Le rôle de rabat-joie étant un rôle ingrat à tenir, je me contenterai de celui du citoyen naïf, celui qui demande simplement qu'on l'éclaire, parce qu'il entend le bruit persistant d'un grain qui fait crisser la belle théorie, et parce qu'il lui semble parfois que le discours politico-économique ambiant  est atteint d'une forme de schizophrénie.
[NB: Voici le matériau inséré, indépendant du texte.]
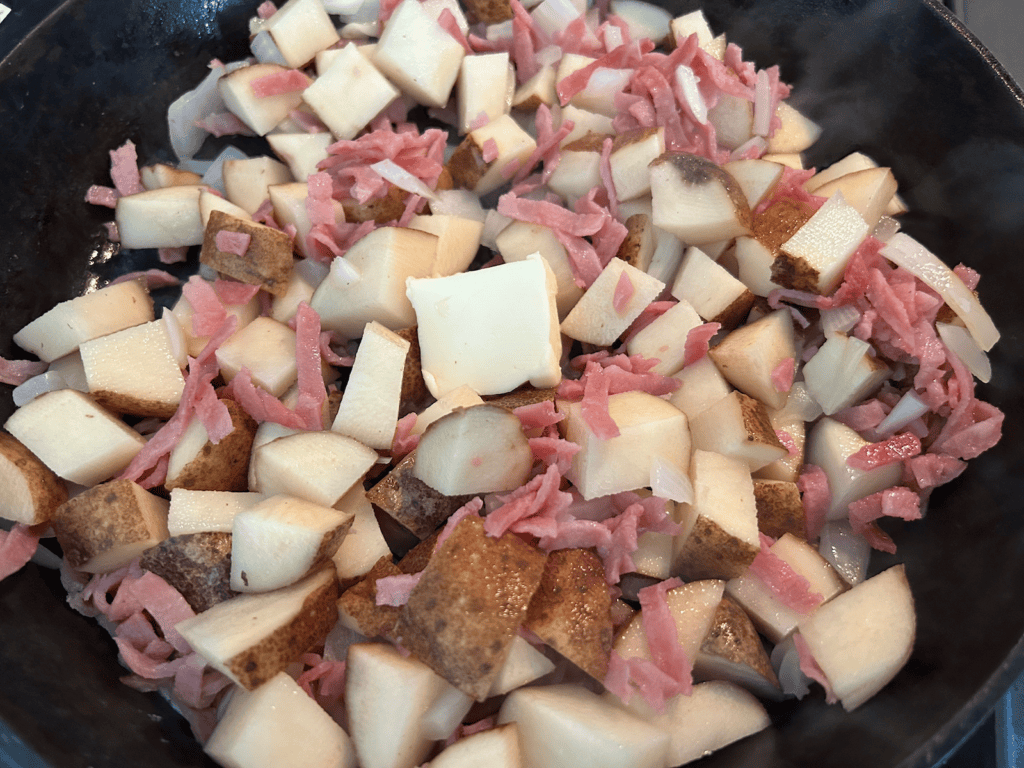 potatoes and ham in skillet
Comment peut-on se réjouir unanimement de la nouvelle du seco lorsque l'on connaît le fossé grandissant entre ceux qui consomment pour survivre (en Suisse ou ailleurs dans le monde), et les nantis qui consomment pour jouir d'un confort sans cesse croissant, rehaussant par là même, de façon systématique et continue, le standard minimal de besoins pour chacun? Lorsque l'on sait que la surexploitation de nos ressources naturelles, sans cesse stimulée par notre propre consommation, nous a fait franchir en deux siècles une étape d'envergure géologique, qui verra se produire des événements de plus en plus imprévisibles et chaotiques?

On entend souvent que la politique doit se libérer du joug de l'économie. On l'entend souvent, mais tout le monde applaudit à la nouvelle du seco, et les sensibilités de gauche, dont nous sommes, ne font pas forcément exception. Quel homme politique oserait remettre en question, devant les médias, le dogme de la croissance quantitative, soi-disant garante de l'emploi et du financement des assurances sociales?

Alors ayons le courage de le dire, et surtout de sortir de nos schémas qui sclérosent notre vision de l'avenir depuis Adam Smith et sa "Richesse des nations" (1776): non, non et non, le onzième commandement, "Tu consommeras", ne conduira ni à la pérennité de notre société, ni au bonheur de l'homme. Il faut trouver d'autres voies, c'est une simple question de bon sens.